28th Sunday in Ordinary – October 13, 2013
2 Kings 5.14-17 | Psalm 98 | 2 Timothy 2.8-13 | Luke 17.11-19

Glen Argan

October 7, 2013

What a great Gospel for the Thanksgiving weekend! Jesus heals 10 lepers and one of them, a Samaritan, realizing that he had been healed, turns back, prostrates himself at Jesus' feet and gives thanks.

Jesus naturally wonders what happened to the other nine. "Where are they?" His main attention, however, is reserved for the Samaritan who gave thanks.

It may help to know that leprosy in biblical times is not what it is today. Biblical "leprosy" could refer to a wide variety of skin ailments, most of them far less serious than the horrible effects of Hansen's disease.

Nevertheless, these skin ailments were seen as caused by the devil and so it was the priest, not a medical healer, who was called upon to diagnose, prescribe a time away from the community and then to perform the rituals that the cleansed "leper" had to undergo before being allowed back into the community.

These ailments were considered serious enough that the Book of Leviticus devotes two lengthy chapters to laws and rituals surrounding leprosy.

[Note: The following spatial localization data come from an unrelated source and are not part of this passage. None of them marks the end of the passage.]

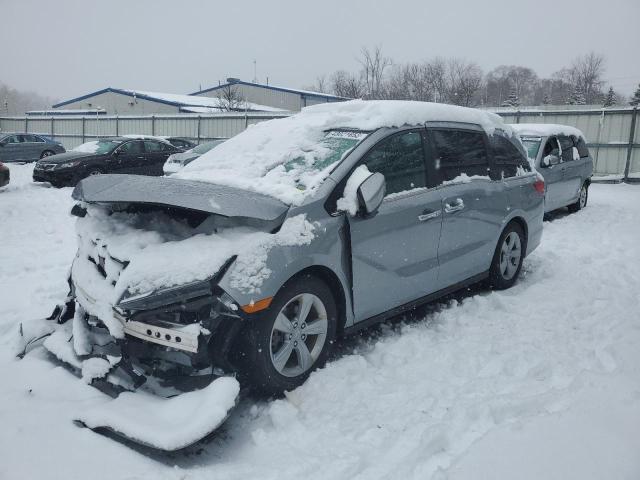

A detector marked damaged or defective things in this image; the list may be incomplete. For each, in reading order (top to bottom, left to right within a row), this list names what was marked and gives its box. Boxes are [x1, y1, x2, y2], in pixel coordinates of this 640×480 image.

crumpled hood [72, 173, 288, 226]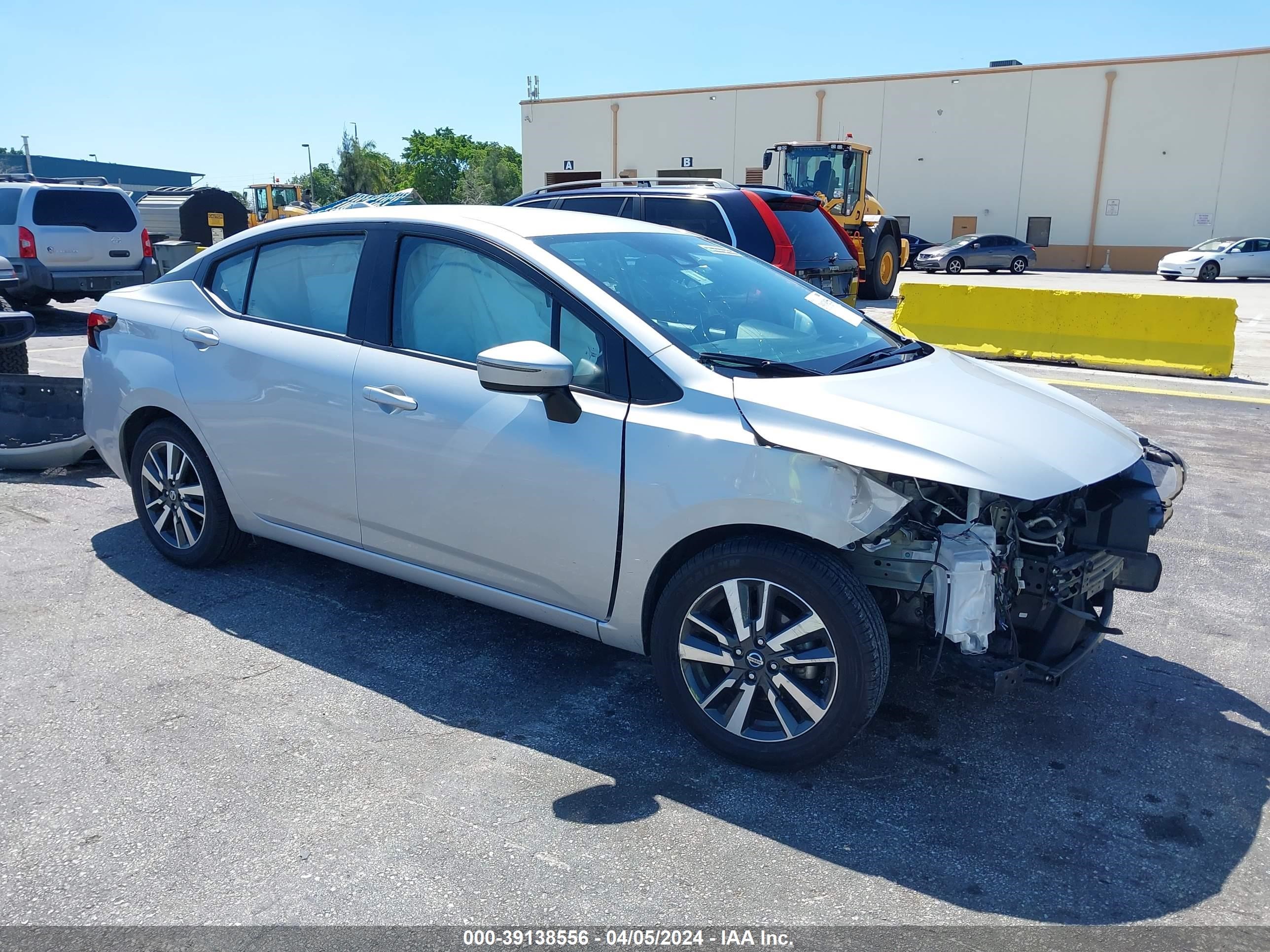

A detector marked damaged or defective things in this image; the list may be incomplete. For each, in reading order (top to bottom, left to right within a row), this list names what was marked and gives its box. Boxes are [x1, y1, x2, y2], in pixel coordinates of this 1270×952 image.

damaged front end of car [838, 439, 1183, 695]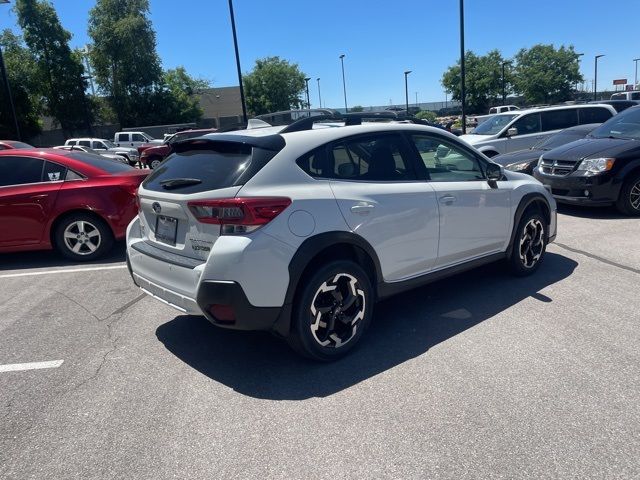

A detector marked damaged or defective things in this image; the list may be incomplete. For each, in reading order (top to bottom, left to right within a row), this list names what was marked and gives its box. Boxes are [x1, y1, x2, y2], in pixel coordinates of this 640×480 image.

pavement crack [552, 242, 636, 276]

Oh sing to the Lord a new song, for he has done marvellous things. - Psalm 98.1

'Oh sing to the Lord a new song, for he has done marvellous things.'

Psalm 98.1

It may have been the fact that these skin ailments were relatively routine diseases that the nine Jewish sufferers did not bother to return and say "thank you." It was all covered in the Law.

The Samaritan leper, however, perhaps ignorant of the all the Jewish rigmarole around leprosy, is the one who responds appropriately. He understands his cure as a gift, something undeserved, an act of God.

How many of us, on this Thanksgiving weekend, will prostrate ourselves before Jesus in gratitude for the great gifts he has given us? How many will even offer a prayer of thanks amidst the festivities?

We have so much, and we too often take it all for granted. Our wealth can make us blind to what we have been given. Our tendency is to see our prosperity, good health, families and freedom as entitlements, not as gifts.


When we mistake gifts for entitlements, we shrivel up inside. We seek to protect what we have and to grasp for more. But if we see our bounty as gifts, then we want to give too. A gift is undeserved; when we are conscious of someone giving us something we do not deserve, the only suitable response is to pass it on – to give freely to others.

Pope Benedict XVI, in his encyclical Caritas in Veritate, made this notion of the freely given gift the foundation of a good social system. Gratuitousness expresses fraternity and builds unity. "The unity of the human race, a fraternal communion transcending every barrier, is called into being by the word of God-who-is-Love," the pope wrote (34).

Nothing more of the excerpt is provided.